#### The input
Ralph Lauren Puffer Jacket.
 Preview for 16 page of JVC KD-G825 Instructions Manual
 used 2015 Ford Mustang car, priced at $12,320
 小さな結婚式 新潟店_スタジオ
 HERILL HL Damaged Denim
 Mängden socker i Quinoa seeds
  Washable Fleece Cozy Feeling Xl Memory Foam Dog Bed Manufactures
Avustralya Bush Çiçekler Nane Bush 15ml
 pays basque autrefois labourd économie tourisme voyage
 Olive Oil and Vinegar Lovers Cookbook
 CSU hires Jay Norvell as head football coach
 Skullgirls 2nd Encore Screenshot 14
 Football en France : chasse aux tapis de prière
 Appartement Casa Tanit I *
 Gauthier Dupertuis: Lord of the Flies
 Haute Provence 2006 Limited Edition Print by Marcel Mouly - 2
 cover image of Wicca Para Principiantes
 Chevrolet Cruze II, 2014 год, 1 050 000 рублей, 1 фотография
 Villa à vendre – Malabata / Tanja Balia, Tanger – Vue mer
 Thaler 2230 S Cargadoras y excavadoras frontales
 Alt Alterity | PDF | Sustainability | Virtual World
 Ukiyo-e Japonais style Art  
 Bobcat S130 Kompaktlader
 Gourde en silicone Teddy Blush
########
Task item:
Exactly as shown, give every record again.

Output of the exercise:
Ralph Lauren Puffer Jacket.
 Preview for 16 page of JVC KD-G825 Instructions Manual
 used 2015 Ford Mustang car, priced at $12,320
 小さな結婚式 新潟店_スタジオ
 HERILL HL Damaged Denim
 Mängden socker i Quinoa seeds
  Washable Fleece Cozy Feeling Xl Memory Foam Dog Bed Manufactures
Avustralya Bush Çiçekler Nane Bush 15ml
 pays basque autrefois labourd économie tourisme voyage
 Olive Oil and Vinegar Lovers Cookbook
 CSU hires Jay Norvell as head football coach
 Skullgirls 2nd Encore Screenshot 14
 Football en France : chasse aux tapis de prière
 Appartement Casa Tanit I *
 Gauthier Dupertuis: Lord of the Flies
 Haute Provence 2006 Limited Edition Print by Marcel Mouly - 2
 cover image of Wicca Para Principiantes
 Chevrolet Cruze II, 2014 год, 1 050 000 рублей, 1 фотография
 Villa à vendre – Malabata / Tanja Balia, Tanger – Vue mer
 Thaler 2230 S Cargadoras y excavadoras frontales
 Alt Alterity | PDF | Sustainability | Virtual World
 Ukiyo-e Japonais style Art  
 Bobcat S130 Kompaktlader
 Gourde en silicone Teddy Blush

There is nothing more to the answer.